Hatfield House, Hatfield, Herts: August 15, 1885.

My dear Randolph,—I had no intention of taking any decision out of your hands, and I think in attributing it to me you do not put fairly the position in which I was placed. The Queen’s desire for privacy was very natural. The question she was asking about her son might have had an unfavourable answer: and then she would naturally wish that as few should know it as possible. I could not, therefore, do otherwise than I did—send the message, and urge her to communicate it to you as soon as I knew it could be done satisfactorily. It would not have been honourable to communicate it before. Perhaps I might, if I had thought of it, have sent the cypher to Ponsonby—but that would hardly have been civil; and it did not occur to me that you would take this objection. As a matter of fact I did not communicate with the Viceroy otherwise than by transmitting that which was sent to me. But if I had done so I should not have done anything unusual. Lord Beaconsfield used to do it occasionally: and Lord Dufferin wrote to me and asked me to correspond with him. The Viceroy is nominated by the Prime Minister, not by the Secretary of State. I only say this because I am concerned to show that I have not behaved unfairly to you, or taken anything out of your hand. But I do not hold to this power of corresponding either by letter or wire with the Viceroy: and if you really feel that ‘you will never know what communications are passing between the Queen, the Prime Minister, and the Viceroy,’ I am quite ready to give up for myself the right of communicating with him.

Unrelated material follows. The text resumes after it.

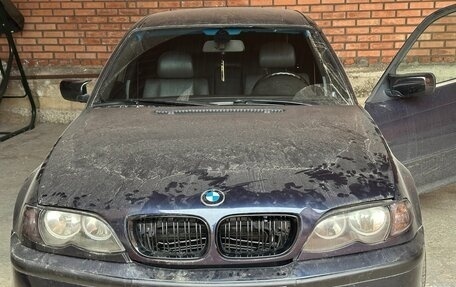 BMW 3 серия, 2001 год, 450 000 рублей, 2 фотография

Of course, you must take what course you think right. I should be sorry if, out of mere suspicion of me, you took a step which will tend to break up the party at a critical time: and still more that you should do it on a matter which can hardly fail to make the Queen’s name and actions matter of public controversy. But, at all events, before you take any definite step I trust you will talk to me about it. I shall be going through town on Tuesday to Osborne. If you are still there, would you come to me at two o’clock?

Yours very truly,
Salisbury.

Lord Randolph Churchill to Lord Salisbury.

2 Connaught Place, W.: August 16.

Dear Lord Salisbury,—I feel I cannot persist easily in urging my view upon you after your letter received this morning, though it does appear to me that you have not allowed yourself to appreciate with perfect justice the consideration which I tried to convey to you. It can be no satisfaction to me to be the means of depriving Lord Dufferin of the advantage, instruction and pleasure which correspondence direct with you cannot fail to afford him, and I do not quite understand how you can think me capable of such a purpose.

Further, I am much distressed that you should suppose that the step which I was anxious to take (and which I still firmly believe would be for the advantage of all concerned) could be animated by so unworthy a motive as ‘suspicion of you.’

My argument was that, viewing all the surrounding circumstances together, the peculiar occurrence about which I wrote had seriously, if not irreparably, impaired my power of being useful to your Government.